Among the reports scheduled for release this month are a Greenbang Smart Matrix on key players in the smart-grid analytics space, a strategy guide, a survey summary and a publication outlining market opportunities in smart-grid analytics.
So why are smart-grid analytics so important? Let’s look at the implications of a more responsive, more automated and more intelligent electricity grid:
A smarter grid means more data … huge volumes of it being generated by sensors across the system, from coal-fired power and nuclear plants to end users in homes and businesses. In the UK alone, for example, the government has announced plans to install 53 million smart meters by 2019. Each one of those meters will produce information on total electricity consumption, usage patterns and energy loads for various household or commercial devices. Making sense of that information – and putting it to use for improved efficiency – means we’ll need analytical tools that can handle such large amounts of data. And we’ll need those tools in just a few short years.
In essence, analytics tools can take the 1s and 0s of smart-grid data and turn them into usable, meaningful graphics, charts and reports. The need for such meaningful intelligence means new market opportunities for companies that can provide these types of analytics tools to utilities and other organisations.

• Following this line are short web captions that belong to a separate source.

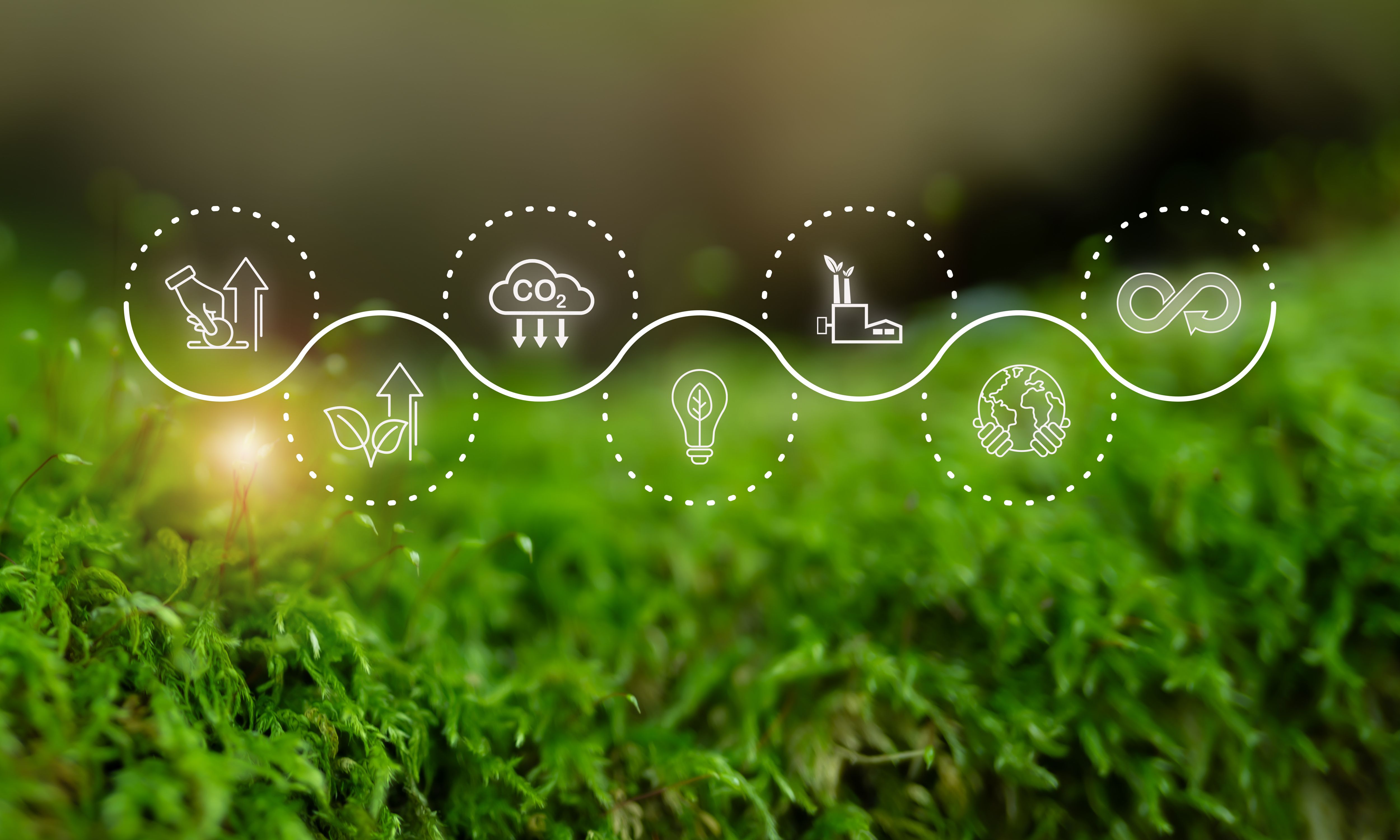 sustainable development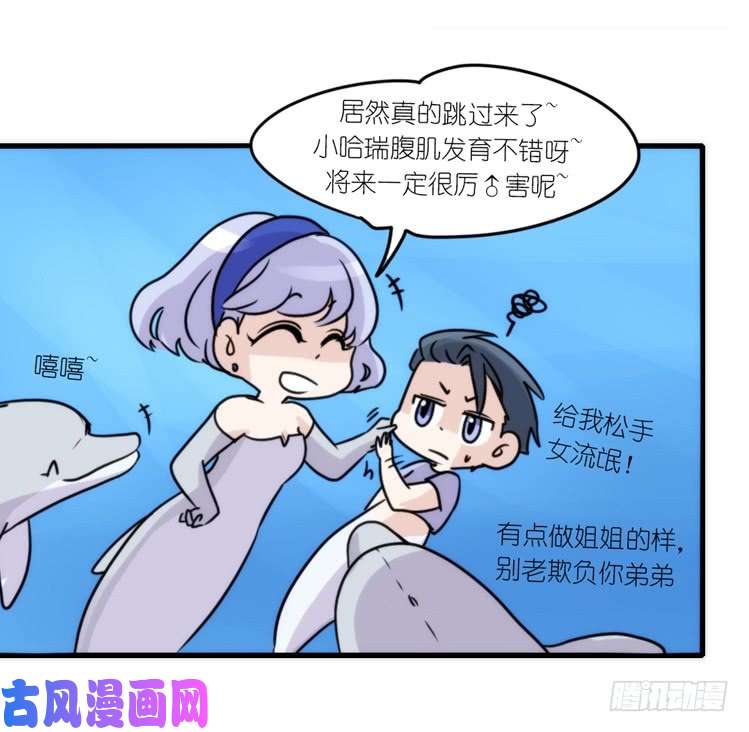 进化之基海中精灵：海豚直播间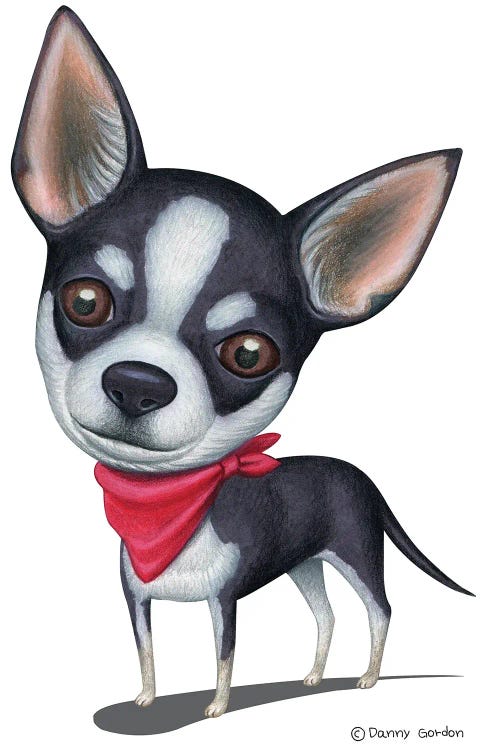 Black And White Chihuahua Red Bandana by Danny Gordon wall art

IT companies are the logical candidates to provide such tools, and many of the top firms are already coming out with offerings in this area. For the moment, though, it’s still early in the game, with the actual amount of smart-grid data to be crunched remaining small compared to what is ultimately possible. That leaves us in a chicken-and-egg situation: Will companies build the analytics tools in anticipation of the volumes of data yet to come, or will the accelerating emergence of smart-grid data bring the necessary tools into play?
Most likely, it will be a combination of the two, with companies bringing analytics tools to market before the data arrives, and then adapting as the scope of the data loads and demands develops.
A competitive smart-grid analytics market will drive innovation and ensure optimisation of the grid. If one company gains dominance too early, this could actually slow development of analytics tools with the greatest benefits for users.
Although it’s a relatively new market, data analytics is an important one, with rapidly increasing amounts of data covering everything from supermarket shopping baskets to mobile phones bringing new market opportunities. Translating the benefits already seen in these areas to the smart grid will pose both challenges and opportunities for would-be market leaders.
We know that more advanced and intelligent energy grids will produce vastly more data about both generation and consumption. What remains to be seen is which solutions, which companies can take that data and make it worthwhile … to improve efficiencies and enable better decision-making. It’s those sorts of questions that Greenbang intends to examine in the month ahead.